- Directed by: Melanie Oates
- Screenplay by: Melanie Oates
- Produced by: Chris Hatcher Melanie Oates
- Starring: Kelly Van der Burg Joel Thomas Hynes Lawrence Barry
- Cinematography: Jordan Kennington
- Edited by: James Vandewater
- Music by: Neil Haverty
- Production company: Chara Pictures
- Distributed by: Game Theory Films
- Release date: September 15, 2019 (AIFF);
- Running time: 97 minutes
- Country: Canada
- Language: English

= Body and Bones =

Body and Bones is a Canadian drama film, directed by Melanie Oates and released in 2019. The film stars Kelly Van der Burg as Tess Small, an 18-year-old girl mourning the death of her mother, who is offered an opportunity to escape her stifling small-town existence in a Newfoundland outport when she becomes romantically involved with Danny Sharpe (Joel Thomas Hynes), a musician who left the town long ago to pursue his career in St. John's.

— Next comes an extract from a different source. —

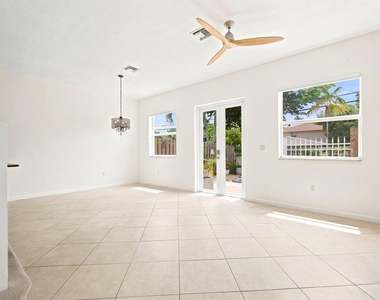 1224 Ne 18th Avenue - Photo Thumbnail 3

The cast also includes Lawrence Barry as Tess's stepfather Gerry, as well as Ruth Lawrence, Stephen Payette, Evan Mercer, Janet Cull, Emily Corcoran, Michelle Rex Bailey, Darren Ivany, Paula Morgan, Alison Woolridge, Heather Power and Jason Bhattacharya in supporting roles.

==Production==
Oates's full-length directorial debut, the film was shot in Witless Bay and St. John's.

==Release==
The film premiered at the 2019 Atlantic International Film Festival.

It was subsequently screened at the 2019 St. John's International Women's Film Festival, in the Borsos Competition program at the 2019 Whistler Film Festival, and at the 2020 Cinéfest Sudbury International Film Festival, before going into commercial release in fall 2020.